The University of New Haven Center for Cybercrime and Forensic Computer Investigation and The University of Southern California Department of Mathematics
By "All the evidence is in the computers, but I have hired the best computer science talent in the country and it is impossible for you to get it," said the organized crime boss. He was making about US $1.2 million a month net profit before taxes--and no evidence was found that he was paying any taxes. He had indeed secured highly qualified encryption professionals, and expended large amounts on information security. After his arrest, the task of evidence recovery fell to Los Angeles (California, USA) police department reserve officer Ross Mayfield, an information systems adjunct professor and member of an elite group of detectives in the organized crime vice division.
Despite the proclamations that this information system was impossible to penetrate, the evidence was recovered and the crime boss was caught. Mayfield had already started to suspect that making an information system completely impenetrable would require an infinite amount of money. If an entity such as the US National Security Agency wants to keep everyone out of its information systems, it builds an underground structure on a military base, surrounds it with garrison troops, watches its workers closely and understands that it still has some level of risk. Keeping everyone out of an information system renders the cost of that system extremely high.

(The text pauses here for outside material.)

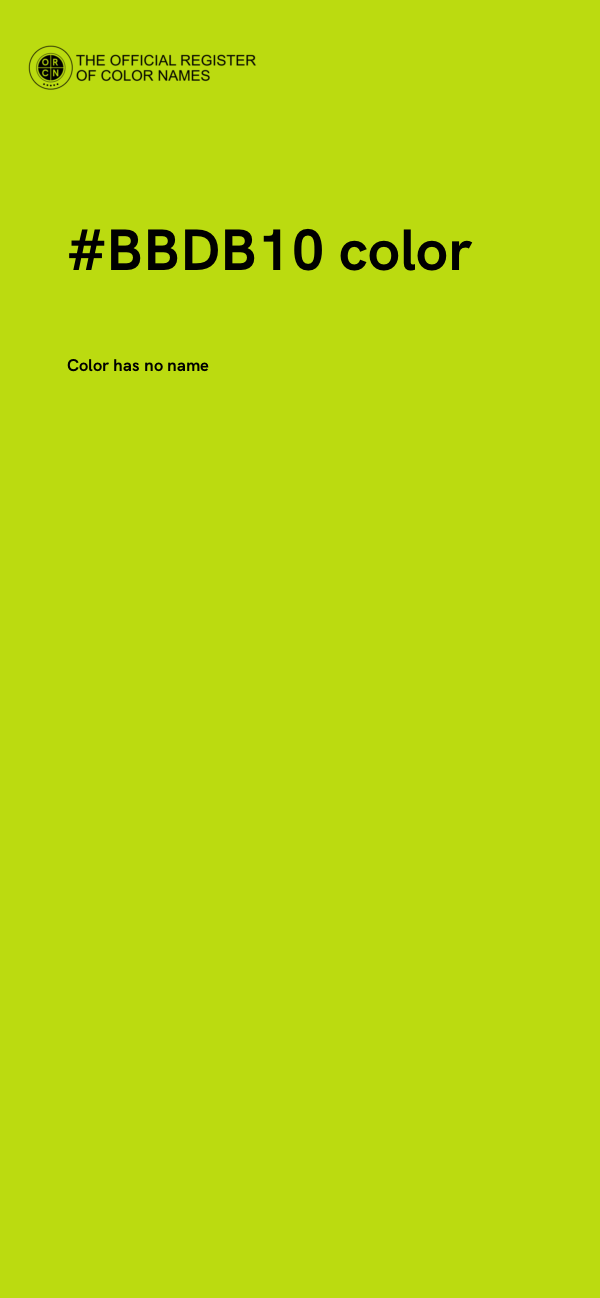 #BBDB10 color image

Prior to working on the crime boss's case, Mayfield had been involved in a project that mirrored this increasing cost conundrum. It was a pilot Internet project to get all the students and faculty of a university onto the university's system. It was easy and inexpensive to get the first, small portion of this population on the Internet. This group had technical expertise and for the most part was already using the Internet elsewhere. The next group of users required more equipment purchases and training. As more and more groups of users were targeted, it became increasingly difficult and more expensive to add users to the information system. This was particularly true for physically and mentally handicapped users. Ultimately, some users, despite the significant investment of funds and expertise, were never able to get onto the information system by themselves.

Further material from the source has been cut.